With the IA-anxiety model, the node IAT-2 (“Neglect chores to spend more time online”) had the strongest connections with IAT-1 (“Stay online longer than intended”), and IAT-6 (“School grades suffer due to Internet use”). Although nodes IAT-16 (“Request to extension for longer time spent online”) and IAT-17 (“Failure to cut down the time spent online”) were situated at the periphery of the network, these two items were directly connected. Node IAT-19 (“Spend more time online over going out with others”) was connected with IAT-13 (“Prefer to excitement online to the time with others”) and IAT-20 (“Depressed/moody/nervous only while being off-line”). Nodes IAT-11 (“Anticipate for future online activities”) and IAT-10 (“Sooth disturbing about your Internet use”) were highly interconnected. Nodes IAT-7 (“Check email/SNS before doing things you need to do”) and IAT-8 (“Academic decline due to Internet use”) were also strongly interconnected and had a “U” shape relationship with IAT-6 (“School grades suffer due to Internet use”) and IAT-5 (“Others complain about your time spend online”). Moreover, node IAT-1 (“Stay online longer than intended”) was negatively associated with IAT-18 (“Conceal the amount of time spent online”) and IAT-20 (“Depressed/moody/nervous only while being off-line”). Within the IA-anxiety network model, node GAD-2 (“Uncontrollable worrying”) had the strongest, most direct connections with GAD-1 (“Nervousness”) and GAD-3 (“Worry too much”). Nodes GAD-5 (“Restlessness”) and GAD-7 (“feeling afraid”) were strongly interconnected and were placed within a cluster that comprised GAD-4 (“Trouble relaxing”) and GAD-6 (“Irritability”).

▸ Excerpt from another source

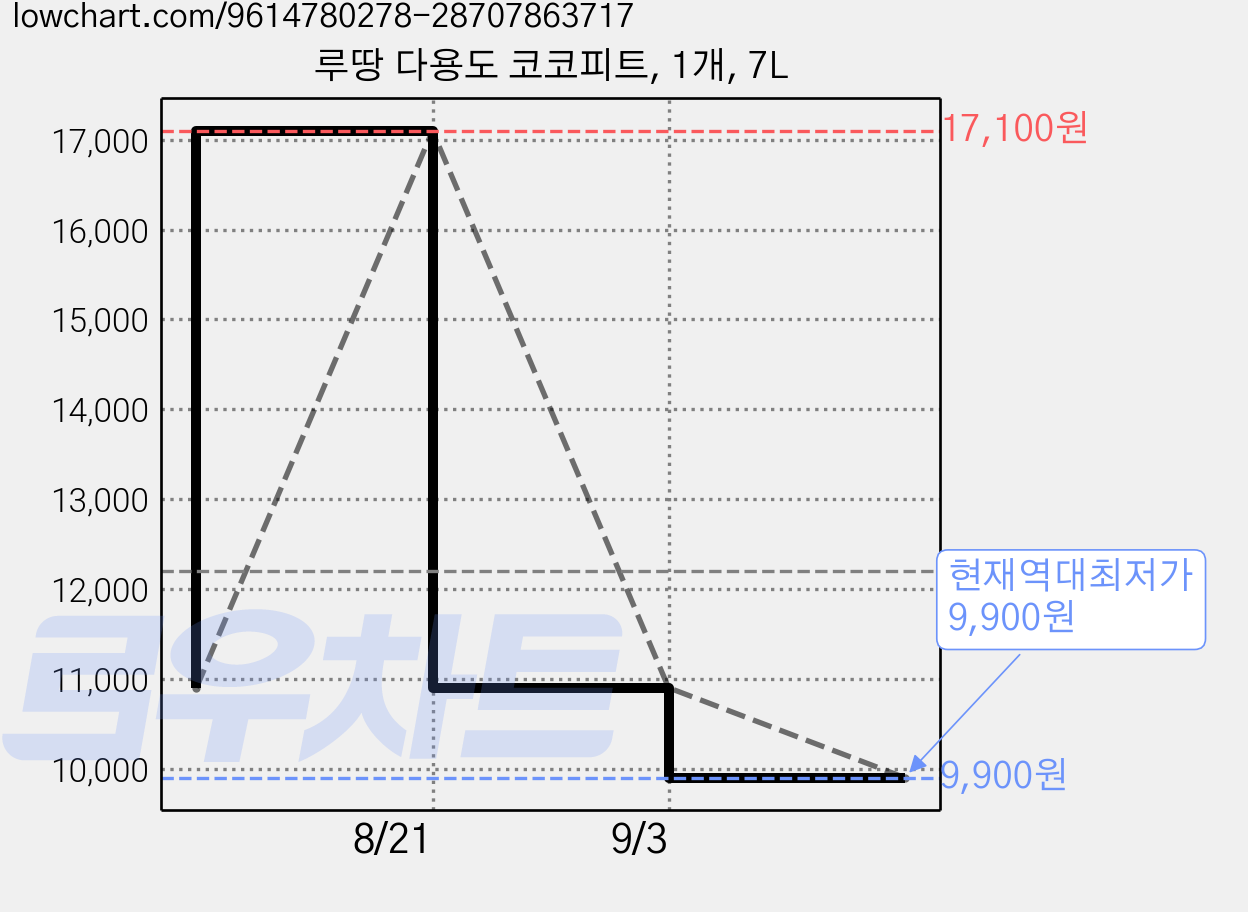 루땅 다용도 코코피트, 1개, 7L 가격 변동 차트, 현재가 9,900원, 역대최저가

In the IA and anxiety network model, node IAT-20 (“Depressed/moody/nervous only while being off-line”) was most strongly related to node GAD-7 (“feeling afraid”) (average edge weight = 0.094), followed by the connection between nodes IAT-10 (“Sooth disturbing about your Internet use”) and GAD-1 (“Nervousness”) (average edge weight = 0.056), and the connection between nodes IAT-13 (“Prefer to excitement online to the time with others”) and GAD-7 (“feeling afraid”) (average edge weight = 0.029).

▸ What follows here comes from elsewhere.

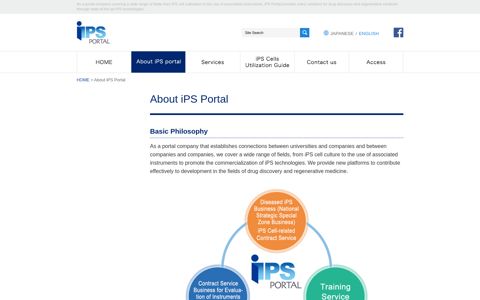 About iPS Portal | iPS Portal, Inc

In terms of strength, node IAT-8 (“Academic decline due to Internet use”) was most influential (Figure 2), followed by nodes IAT-20 (“Depressed/moody/nervous only while being off-line”), IAT-6 (“School grades suffer due to Internet”), and IAT-5 (“Others complain about your time spend online”) (Figure 2), all of which emerged as central symptoms in understanding the IA-anxiety network model in nursing students. In contrast, several other symptoms were marginal, such as IAT-7 (“Check email/SNS before doing things you need to do”), IAT-4 (“Form new relationship with online users”), and IAT-9 (“Become defensive/secretive about your Internet use”).

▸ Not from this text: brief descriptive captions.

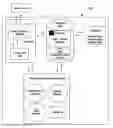 Fig. 01 - RECOMMENDER SYSTEM FOR ON-LINE ARTICLES AND DOCUMENTS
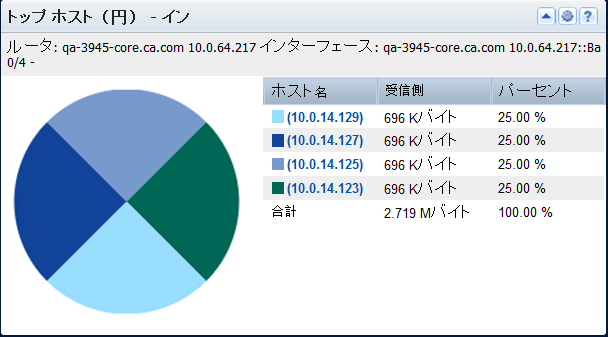 ［トップ ホスト（円）］ビューは、インターフェースとのトラフィックの送受信を最も多く行うホストを表示します。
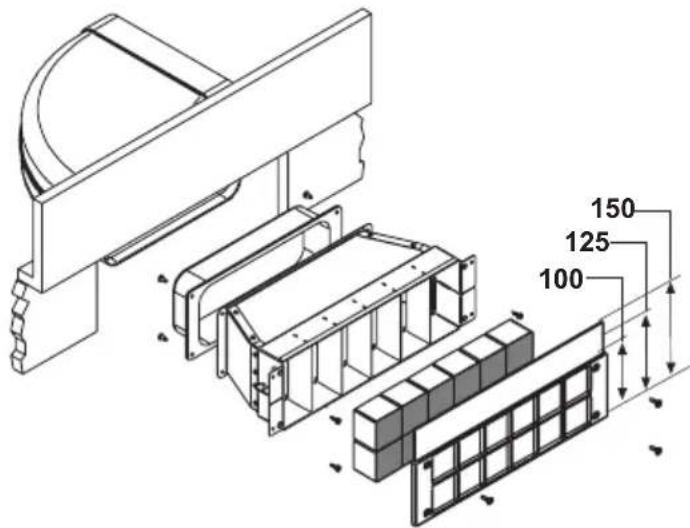 Airforce Centrale on board B4O 83 - GB:Types of installation and related kits: - 2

Network Accuracy and Stability
Bootstrapped 95%CIs for estimated edge-weights suggested that the network model was reliable and stable. The bootstrap difference test showed most of the comparisons between edge weights were statistically significant (Figure 4).
Gender and Residence Effects
In the comparison of network models between female and male nursing students, there were no significant differences in network global strength (p = 0.865) or the distribution of edge weights (p = 0.652; Supplementary Figures 1–3). Subdividing the sample according to urban vs. rural residence, no significant differences were found in network global strength (p = 0.301) or the distribution of edge weights (p = 0.484). Plots are shown in Supplementary Figures 4–6.
Discussion
To the best of our knowledge, this study is the first to use NA as a means of examining associations between IA and anxiety at individual symptom level among nursing students. Analyses indicated nodes IAT-8 (“Academic decline due to Internet use”), IAT-20 (“Depressed/moody/nervous only while being off-line”), IAT-6 (“School grades suffer due to Internet use”), and IAT-5 (“Others complain about your time spend online”) were the most influential symptoms within the IA-anxiety network. Additionally, neither gender nor urban vs. rural residence had a significant impact on the overall network structure.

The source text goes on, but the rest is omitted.